In the late afternoon we all climbed back into the Cadillac, negotiated the narrow canyon of driveway, and laboriously made our way back to town. We were at war.
The mayor of Cooper’s Falls was waiting for us when we finally got to Petersons office in the courthouse. He was wearing a purple Minnesota Vikings snowmobile suit and holding a visored purple helmet in his left hand. He belonged to the purple snowmobile standing a
t the courthouse steps. His face was pale, he was forty-four years old, he owned an insurance agency, and his name was Richard Aho. He was a Finn.
“Peterson,” he said calmly as we stood in the outer office with Alice watching us. There was the overpowering reek of strong coffee. The radiators sizzled. It was five o’clock. “Peterson, what is going on here, in this town? I come into the office to try out my new snowmobile, a Christmas present from Phyllis, and I start hearing all sorts of shit.”
“What shit, Richard?” Peterson slid out of his coat and hung it on a hook. “Sandwiches, Alice, get ’em over at the hotel, an assortment. And, Alice—you’re a dear.” He walked through to his own office. “What shit have you been hearing, Richard?” We all went into the office. It was stifling.
“Dead people? That shit.” Aho looked persistently at Peterson. “One of the Coopers, of all people, and the librarian, Paula … Smithies. Are they dead? Murdered?” He unzipped the purple quilted suit: “Christ, it’s hot in here.”
“Yes, they’ve been murdered. And this fellow here”—he pointed at me—“is another Cooper, John Cooper, and they’ve tried twice to kill him and last night he killed one of them out at the Cooper place. This afternoon they rigged a bomb to Arthur Brenner’s house and blew the front off.”
Aho took the news with a quiet, staring amazement. Though I had never heard of him, Cooper’s Falls was his town, too. From time to time he looked at me. Finally he said: “Mr.

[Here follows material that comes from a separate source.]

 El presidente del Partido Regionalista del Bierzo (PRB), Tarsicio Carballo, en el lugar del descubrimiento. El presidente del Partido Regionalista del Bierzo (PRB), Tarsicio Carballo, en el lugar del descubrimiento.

Cooper, trouble seems to follow you.”
Peterson grinned. Aho’s coal-colored eyes bored into me.
I yawned.
“Seems to,” I said.
We all ate the sandwiches and learned that our telephone connections to the outside were gone. The storm had taken lines down all along the St. Croix as well as in many rural areas across the state. We could contact the Twin Cities by short wave but so far our little war was ours alone: no word had been sent. Peterson argued that it would do no good since we were unreachable. The highways were all blocked, all airplanes were grounded. Snowmobiles could get through, at least in theory, but the cold was too intense and the visibility in the storm was nil. Unlikely as it seemed, we were cut off from the outside world. Aho nodded his agreement.